Output exactly, and only, the lines below from the one with "14 Styles Alloy Cabochons MRMJ-OC0004-09-2" down to the one with "Alejandro Valverde s’est". Include both end lines and no pictures.

■ DATA SUPPLIED ■
···

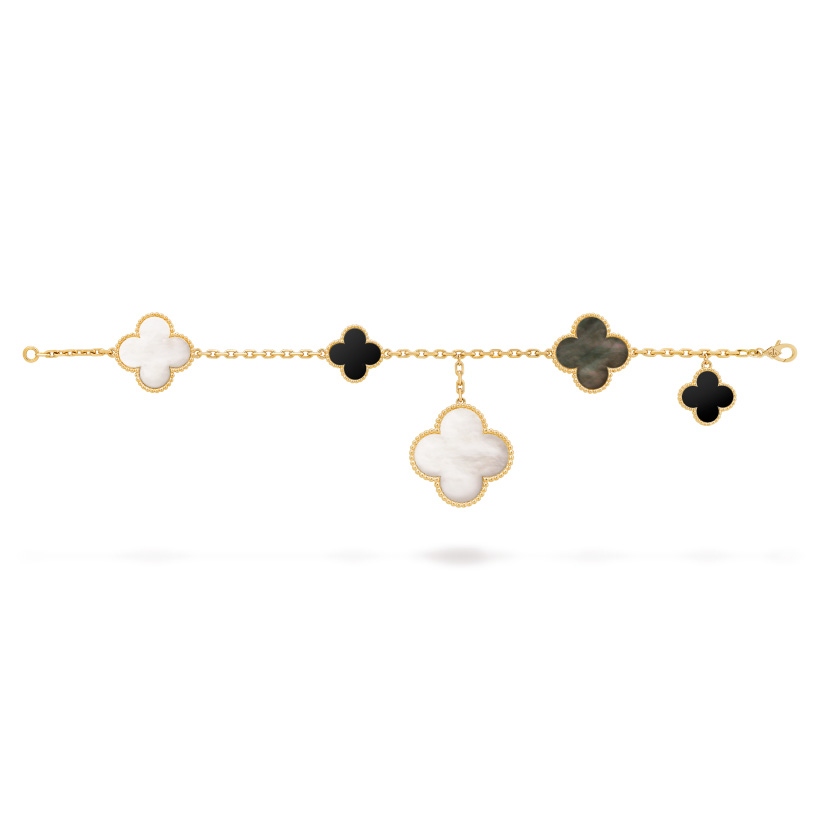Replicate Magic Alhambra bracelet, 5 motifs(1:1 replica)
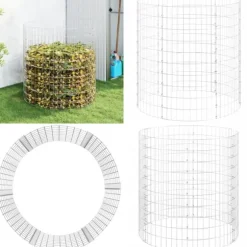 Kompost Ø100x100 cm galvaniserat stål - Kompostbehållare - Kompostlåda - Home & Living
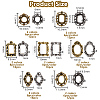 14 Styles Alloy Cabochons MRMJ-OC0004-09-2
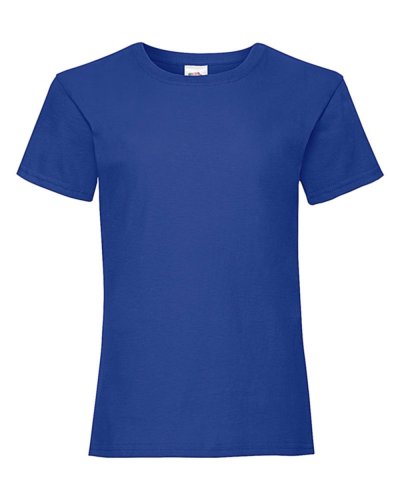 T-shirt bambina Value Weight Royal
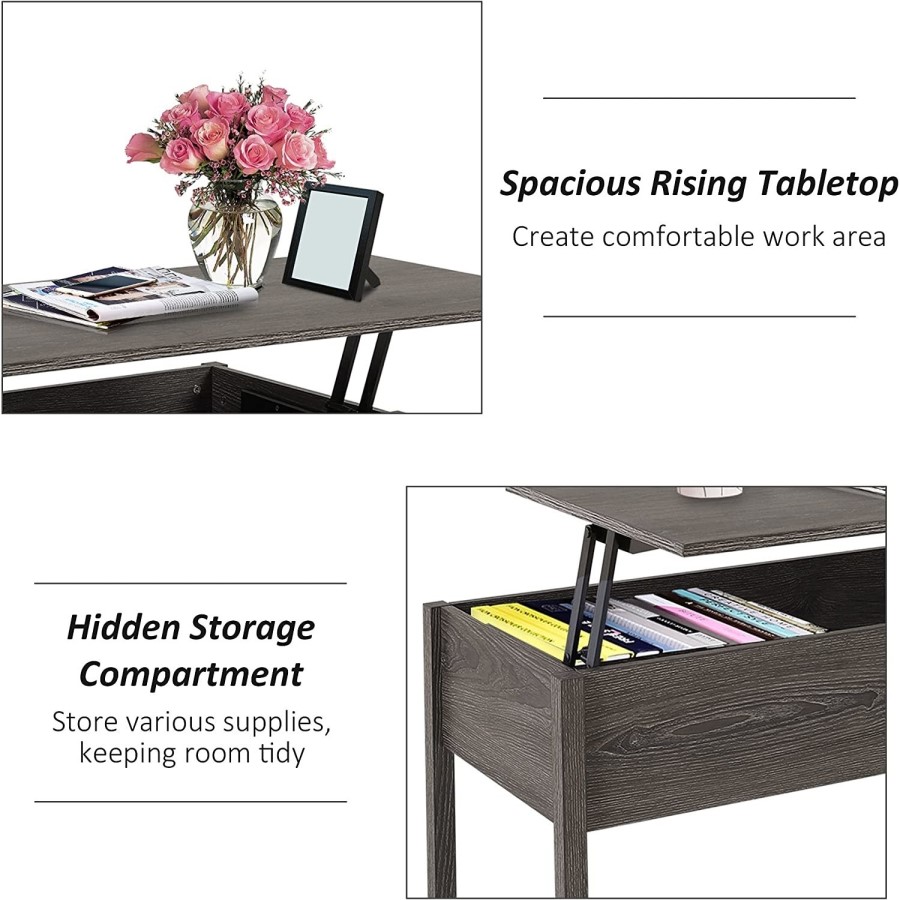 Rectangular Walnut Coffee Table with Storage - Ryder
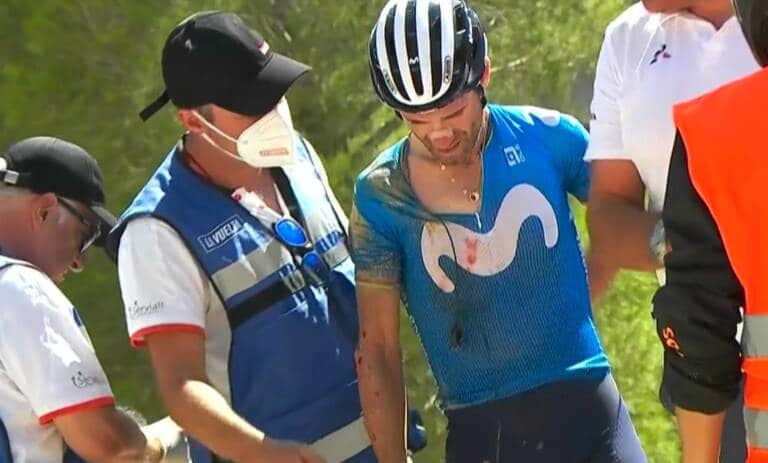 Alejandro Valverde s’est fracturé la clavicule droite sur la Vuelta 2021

···

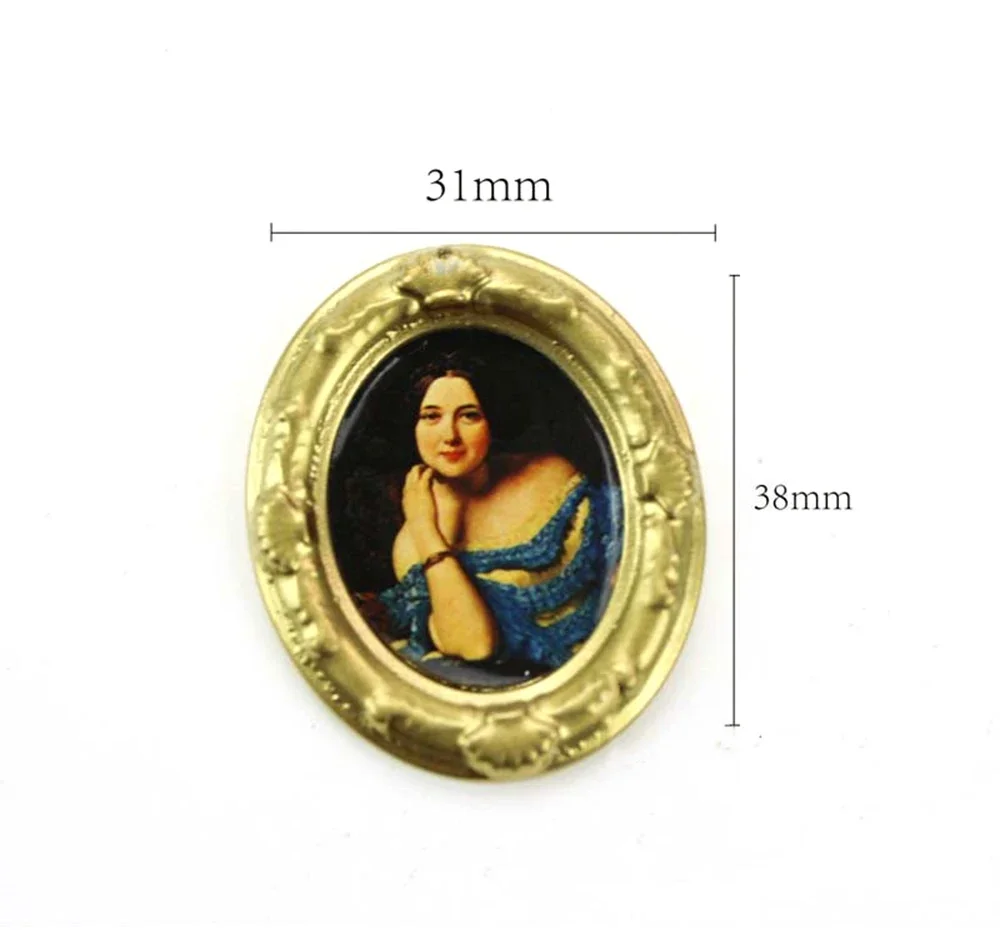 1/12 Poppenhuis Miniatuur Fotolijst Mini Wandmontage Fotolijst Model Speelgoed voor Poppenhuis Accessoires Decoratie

···

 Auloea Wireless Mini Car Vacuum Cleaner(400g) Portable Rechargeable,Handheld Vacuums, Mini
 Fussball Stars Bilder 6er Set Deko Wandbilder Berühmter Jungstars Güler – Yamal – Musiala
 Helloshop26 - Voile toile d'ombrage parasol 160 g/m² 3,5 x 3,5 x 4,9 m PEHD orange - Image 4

···

■ SOLUTION ■
 14 Styles Alloy Cabochons MRMJ-OC0004-09-2
 T-shirt bambina Value Weight Royal
 Rectangular Walnut Coffee Table with Storage - Ryder
 Alejandro Valverde s’est fracturé la clavicule droite sur la Vuelta 2021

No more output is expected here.